▶ **WHAT NEEDS TO BE DONE**: Type out the listing below exactly. Pictures stay out of it.

▶ **DATA SECTION**:
______________________________
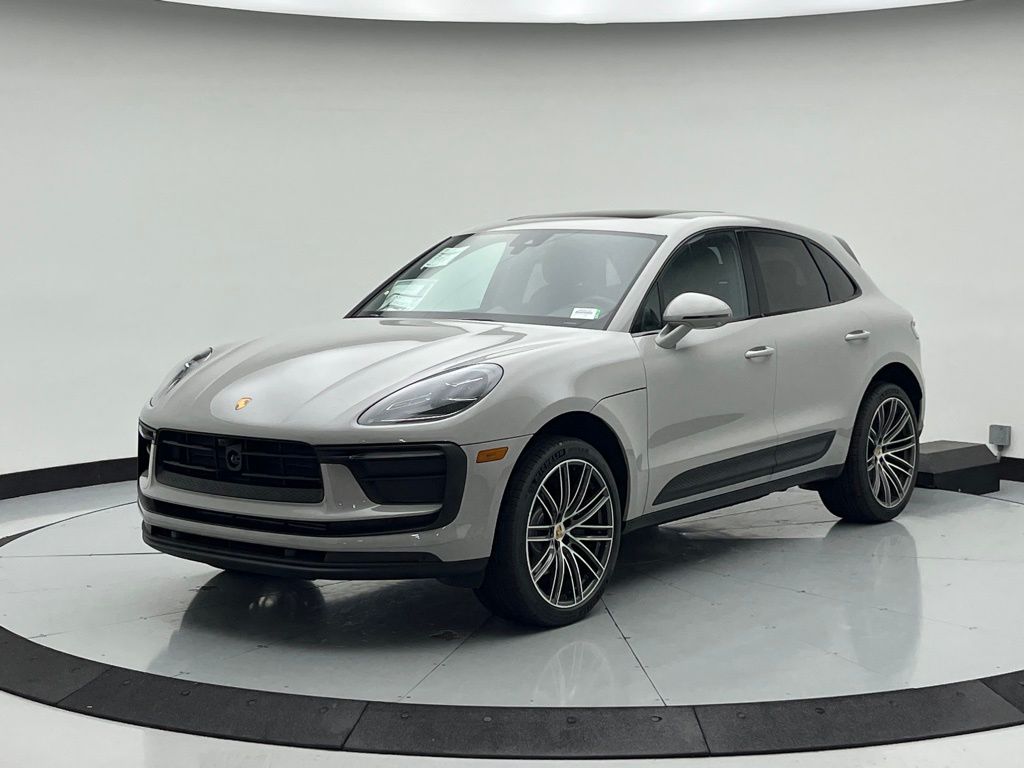 Thumbnail: 2026 Porsche Macan - 1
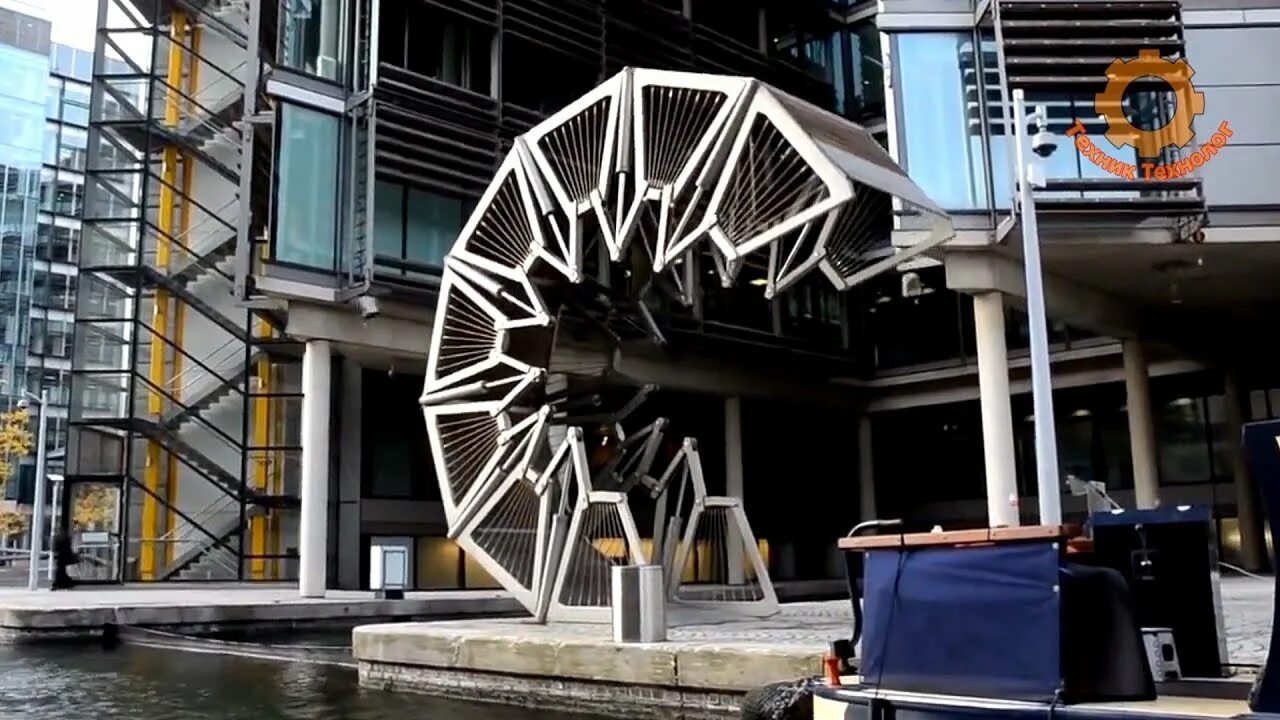 Rolling bridge. Мост роллинг rolling bridge англия. the rolling bridge. шедевры инженерной мысли. the rulling bridge belocp.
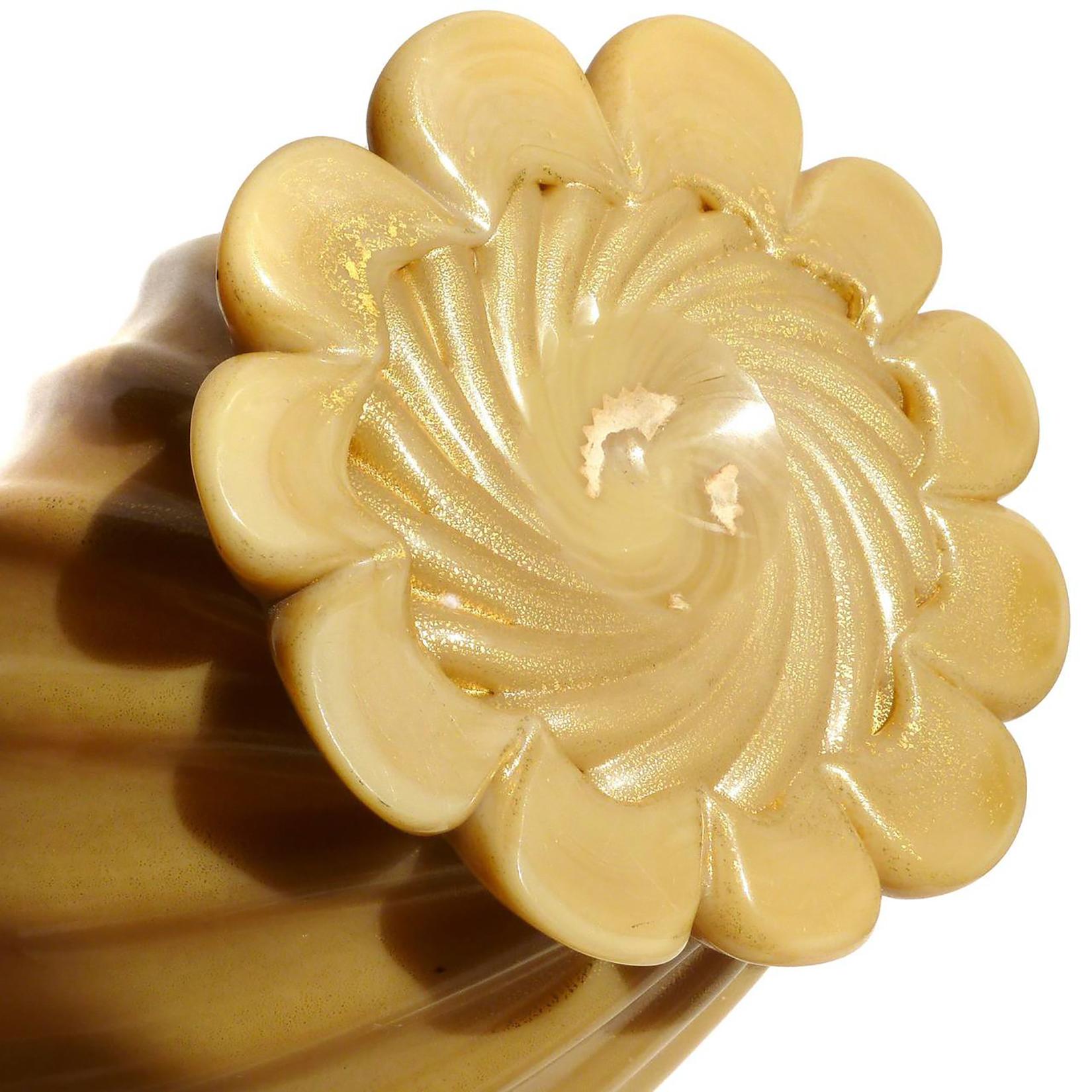 20th Century Archimede Seguso Murano Yellow Gold Flecks Italian Art Glass Flower Basket Vase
______________________________
▶ **REPLY TO THE EXERCISE**:
 Thumbnail: 2026 Porsche Macan - 1
 Rolling bridge. Мост роллинг rolling bridge англия. the rolling bridge. шедевры инженерной мысли. the rulling bridge belocp.
 20th Century Archimede Seguso Murano Yellow Gold Flecks Italian Art Glass Flower Basket Vase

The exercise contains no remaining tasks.